Unfortunately, Saarinen never got to see the Gateway Arch built. Construction began two years after he died and opened two years after that.

Eero Saarinen at MODA | The Tulip Armchair
Eero Saarinen at MODA | The Tulip Armchair
Saarinen was also a designer, with quite a bit of furniture and homes in his repitoire, including this 1955-1956 Tulip Armchair, noted for its similarity to the flower and a stemmed wine glass. Such elegance...and quite comfortable, too!

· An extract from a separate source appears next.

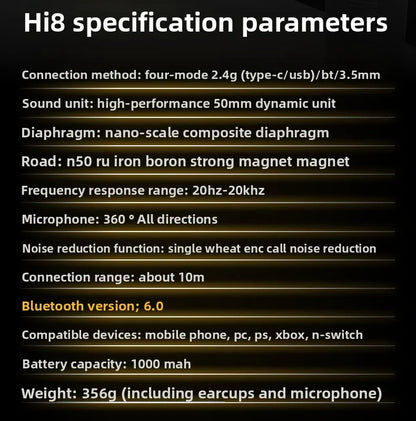 New! Premium Wireless Gaming Headset with Hi - Fi sound & 3.5mm RGB for PC/PS. Wired option available.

Eero Saarinen at MODA | Grasshopper Chair
Eero Saarinen at MODA | Grasshopper Chair
I believe we'd be hard pressed to find a Mid-Century Modern enthusiast who isn't a fan of Saarinen's work. And who wouldn't be a fan...look at the design of his Grasshopper Chair! I can't honestly say that I'd fill my home with Mid-Century Modern furnishings, but I can certainly admire how stunningly beautiful this piece is.

Eero Saarinen at MODA | TWA Terminal at JFK
Eero Saarinen at MODA | TWA Terminal at JFK
There's a LOT to take in at this exhibition, so allow plenty of time to explore. There's ample written material, photographs, models, furniture, two videos, and friendly staff there to answer questions you might have about the exhibition. 

Eero Saarinen: A Reputation for Innovation concludes at the end of June, but there's still some great programming coming up in association with the exhibition, and that will all culminate with a Mad Men closing party (mid-Century attire encouraged!). See you there!